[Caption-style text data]

--

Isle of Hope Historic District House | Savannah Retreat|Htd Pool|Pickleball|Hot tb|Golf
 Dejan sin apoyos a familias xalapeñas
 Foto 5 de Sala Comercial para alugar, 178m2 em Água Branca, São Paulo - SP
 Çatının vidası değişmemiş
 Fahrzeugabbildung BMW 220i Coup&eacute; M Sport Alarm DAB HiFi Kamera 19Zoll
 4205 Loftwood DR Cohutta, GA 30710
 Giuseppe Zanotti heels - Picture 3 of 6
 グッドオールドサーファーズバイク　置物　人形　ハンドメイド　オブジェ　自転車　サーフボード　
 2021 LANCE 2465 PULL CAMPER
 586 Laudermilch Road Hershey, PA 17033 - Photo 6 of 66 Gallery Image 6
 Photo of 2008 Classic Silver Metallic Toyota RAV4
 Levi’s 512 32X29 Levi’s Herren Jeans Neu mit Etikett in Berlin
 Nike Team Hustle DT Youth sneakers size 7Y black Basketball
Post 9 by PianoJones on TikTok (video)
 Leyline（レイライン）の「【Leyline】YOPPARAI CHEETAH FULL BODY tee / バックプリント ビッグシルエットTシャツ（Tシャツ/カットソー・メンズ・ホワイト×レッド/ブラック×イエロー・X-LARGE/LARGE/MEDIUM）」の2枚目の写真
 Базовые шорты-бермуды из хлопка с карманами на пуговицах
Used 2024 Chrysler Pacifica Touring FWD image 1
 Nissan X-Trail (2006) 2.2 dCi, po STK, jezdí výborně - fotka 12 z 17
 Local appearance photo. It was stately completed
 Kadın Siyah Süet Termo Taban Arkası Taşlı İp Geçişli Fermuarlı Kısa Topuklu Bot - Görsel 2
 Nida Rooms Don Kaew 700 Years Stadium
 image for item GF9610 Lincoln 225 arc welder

--

What is required: Beginning at the line containing "Базовые шорты-бермуды из", repeat each line exactly through the last line of the entries, and include no other lines.

Answer section:
 Базовые шорты-бермуды из хлопка с карманами на пуговицах
Used 2024 Chrysler Pacifica Touring FWD image 1
 Nissan X-Trail (2006) 2.2 dCi, po STK, jezdí výborně - fotka 12 z 17
 Local appearance photo. It was stately completed
 Kadın Siyah Süet Termo Taban Arkası Taşlı İp Geçişli Fermuarlı Kısa Topuklu Bot - Görsel 2
 Nida Rooms Don Kaew 700 Years Stadium
 image for item GF9610 Lincoln 225 arc welder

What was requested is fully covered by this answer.